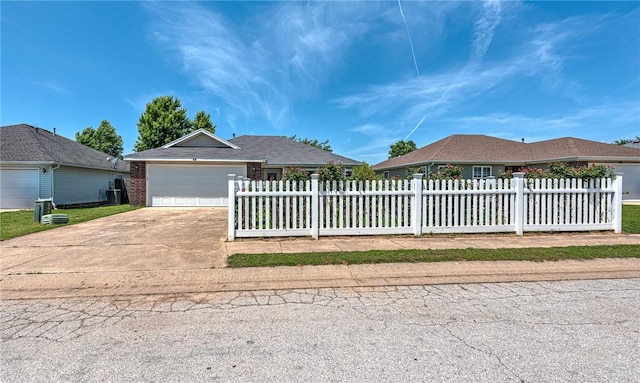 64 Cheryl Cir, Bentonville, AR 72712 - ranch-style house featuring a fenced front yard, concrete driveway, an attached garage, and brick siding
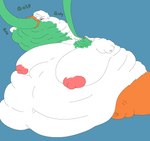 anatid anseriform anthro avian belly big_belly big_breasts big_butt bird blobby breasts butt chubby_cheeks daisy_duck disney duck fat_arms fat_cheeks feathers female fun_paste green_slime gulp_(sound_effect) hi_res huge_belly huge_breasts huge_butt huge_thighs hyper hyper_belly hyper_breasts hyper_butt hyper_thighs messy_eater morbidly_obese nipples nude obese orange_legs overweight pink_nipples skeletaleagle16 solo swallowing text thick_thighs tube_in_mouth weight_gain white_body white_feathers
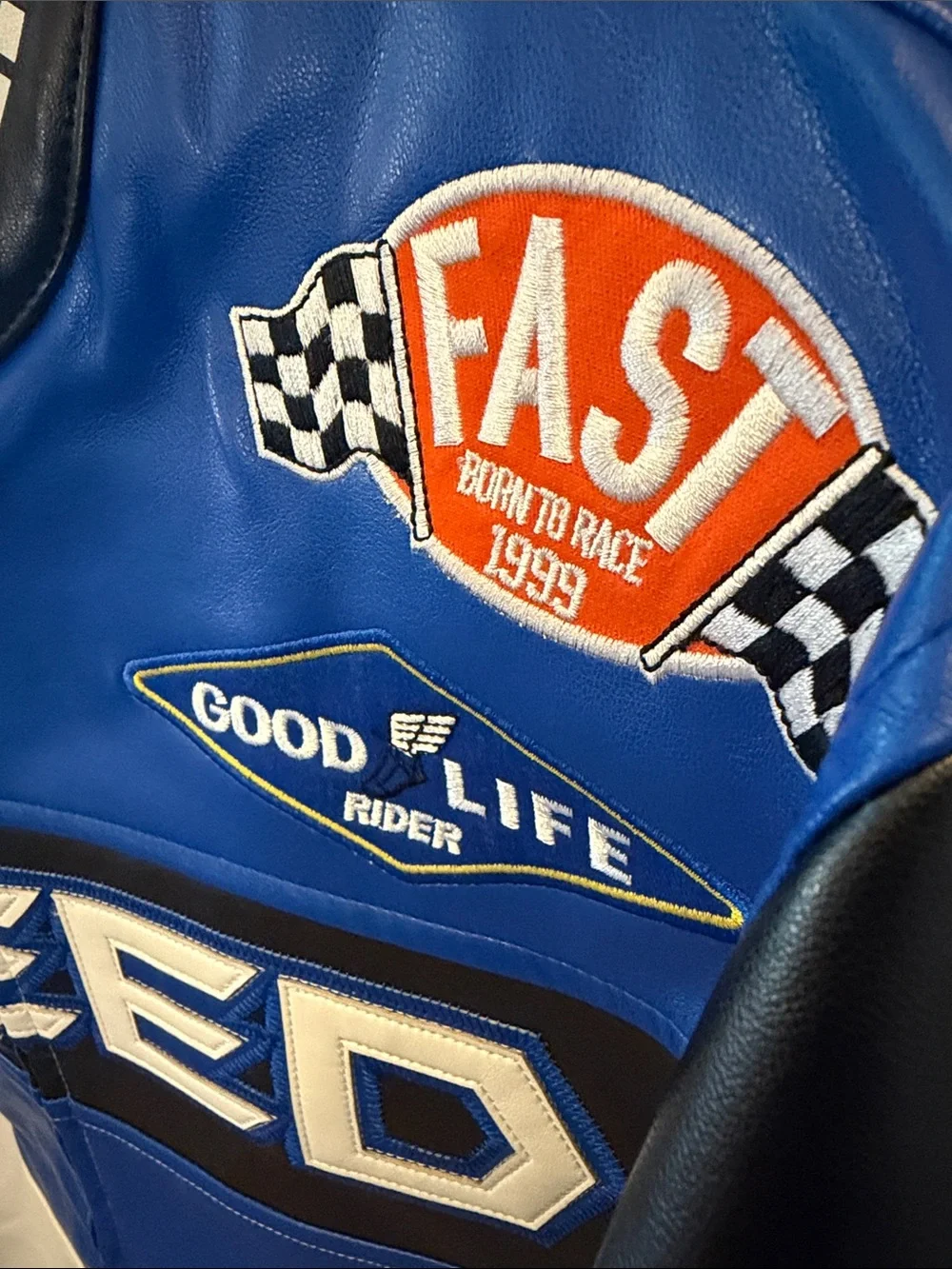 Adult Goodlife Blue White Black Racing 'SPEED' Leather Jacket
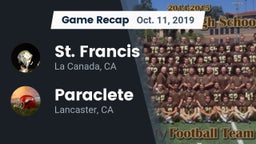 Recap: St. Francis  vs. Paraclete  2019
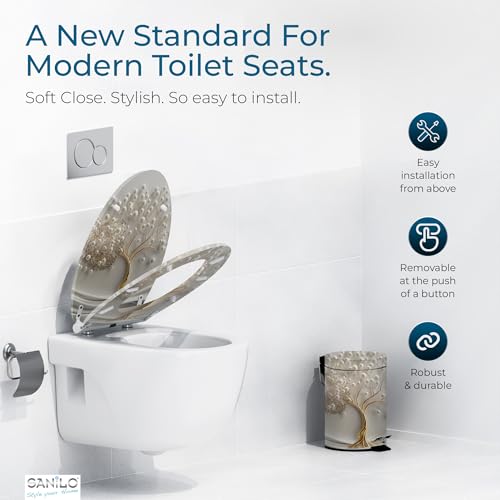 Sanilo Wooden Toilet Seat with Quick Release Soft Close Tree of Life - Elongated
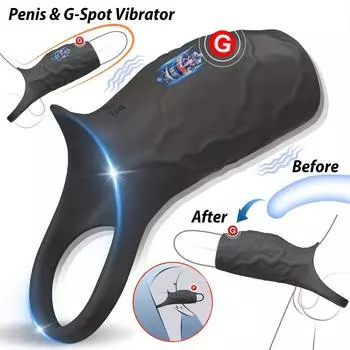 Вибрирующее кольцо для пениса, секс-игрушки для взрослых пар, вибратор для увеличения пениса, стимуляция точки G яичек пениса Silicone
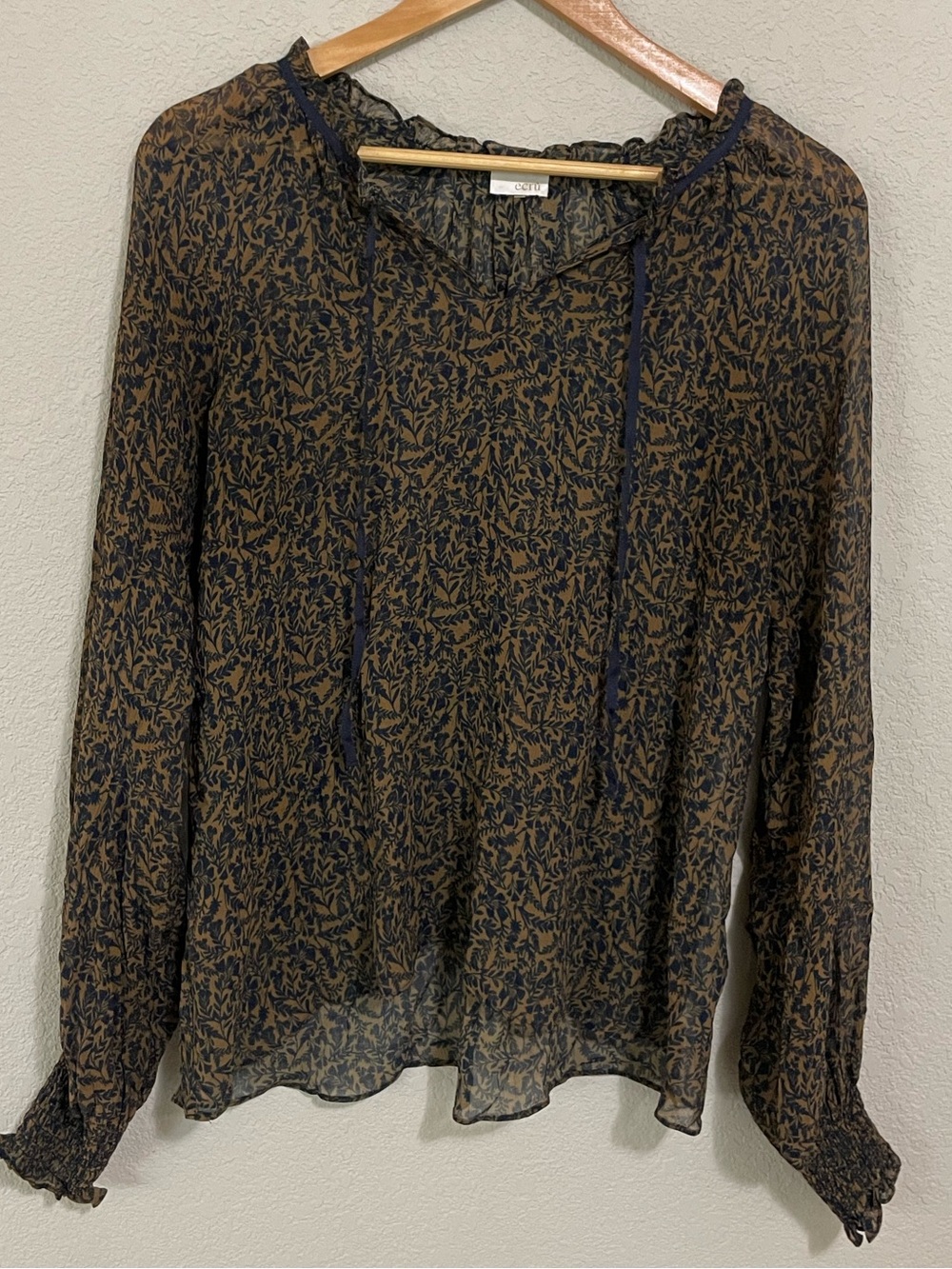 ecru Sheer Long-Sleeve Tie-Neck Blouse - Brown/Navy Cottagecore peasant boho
...
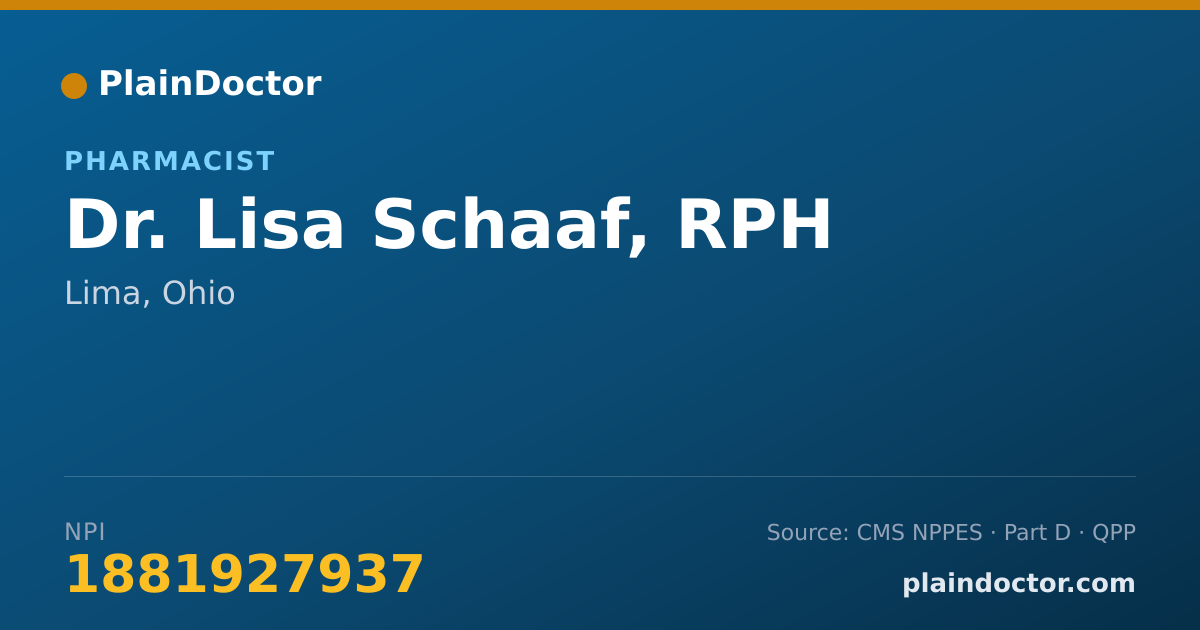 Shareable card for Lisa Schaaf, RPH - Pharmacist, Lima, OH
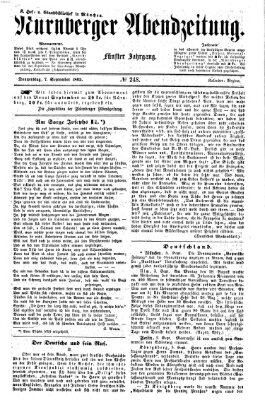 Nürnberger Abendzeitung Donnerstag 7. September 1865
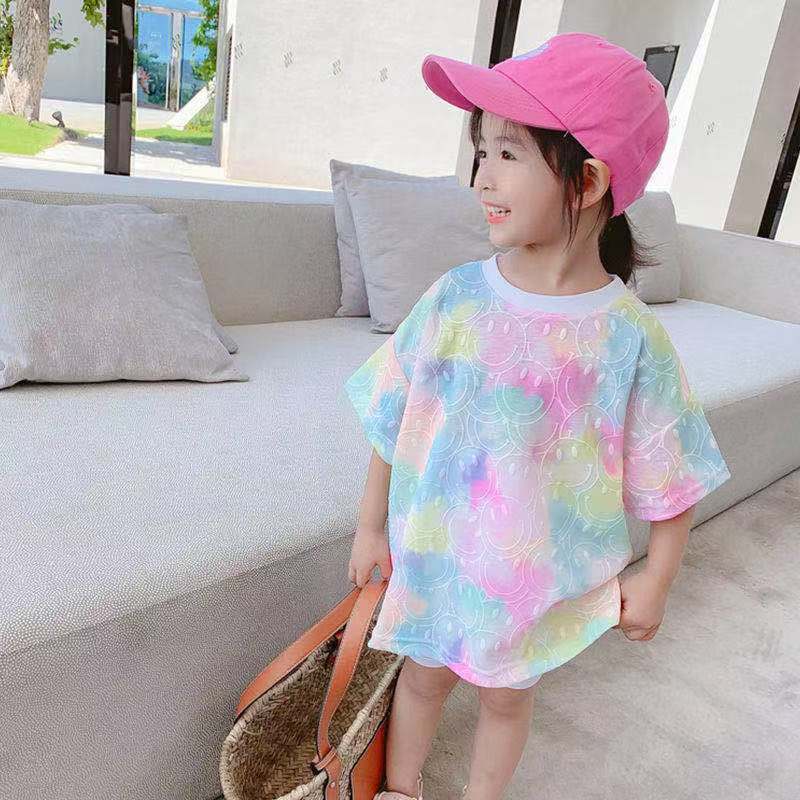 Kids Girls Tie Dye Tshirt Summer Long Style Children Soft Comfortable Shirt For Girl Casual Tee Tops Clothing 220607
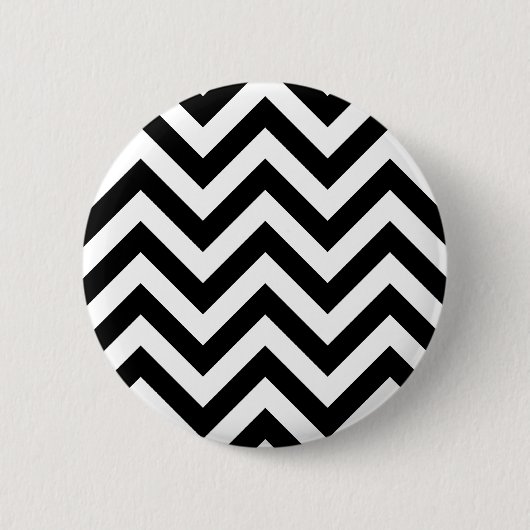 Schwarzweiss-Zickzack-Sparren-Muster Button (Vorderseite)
* * *
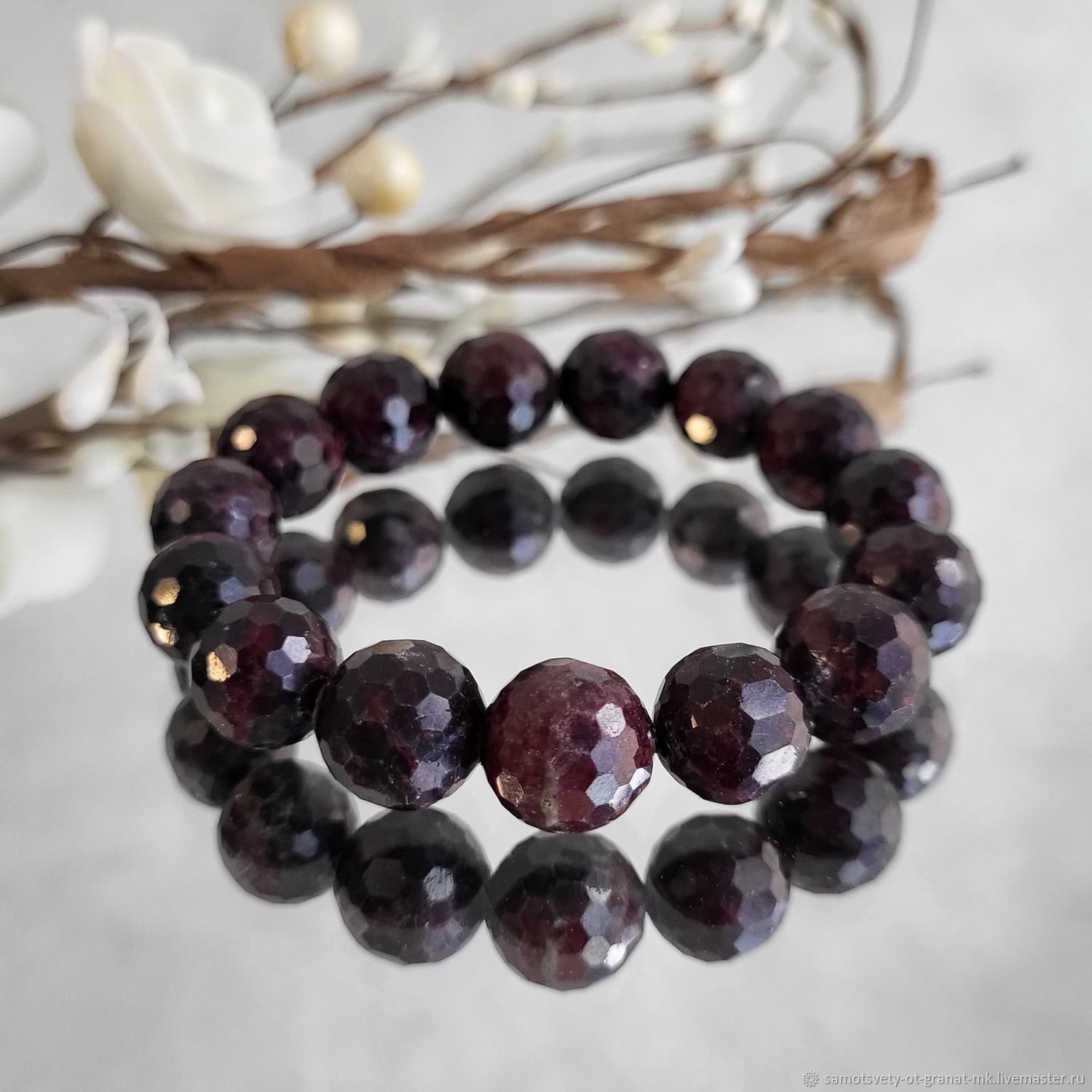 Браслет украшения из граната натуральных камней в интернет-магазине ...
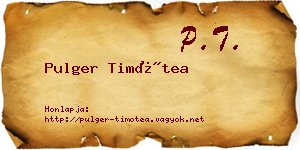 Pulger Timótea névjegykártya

▶ **Exercise aim**
The expected output is the lines above from the one containing "64 Cheryl Cir, Bentonville, AR" to the one containing "ecru Sheer Long-Sleeve", both ends included, reproduced exactly with every picture left out.

▶ **Exercise result**
 64 Cheryl Cir, Bentonville, AR 72712 - ranch-style house featuring a fenced front yard, concrete driveway, an attached garage, and brick siding
 anatid anseriform anthro avian belly big_belly big_breasts big_butt bird blobby breasts butt chubby_cheeks daisy_duck disney duck fat_arms fat_cheeks feathers female fun_paste green_slime gulp_(sound_effect) hi_res huge_belly huge_breasts huge_butt huge_thighs hyper hyper_belly hyper_breasts hyper_butt hyper_thighs messy_eater morbidly_obese nipples nude obese orange_legs overweight pink_nipples skeletaleagle16 solo swallowing text thick_thighs tube_in_mouth weight_gain white_body white_feathers
 Adult Goodlife Blue White Black Racing 'SPEED' Leather Jacket
 Recap: St. Francis  vs. Paraclete  2019
 Sanilo Wooden Toilet Seat with Quick Release Soft Close Tree of Life - Elongated
 Вибрирующее кольцо для пениса, секс-игрушки для взрослых пар, вибратор для увеличения пениса, стимуляция точки G яичек пениса Silicone
 ecru Sheer Long-Sleeve Tie-Neck Blouse - Brown/Navy Cottagecore peasant boho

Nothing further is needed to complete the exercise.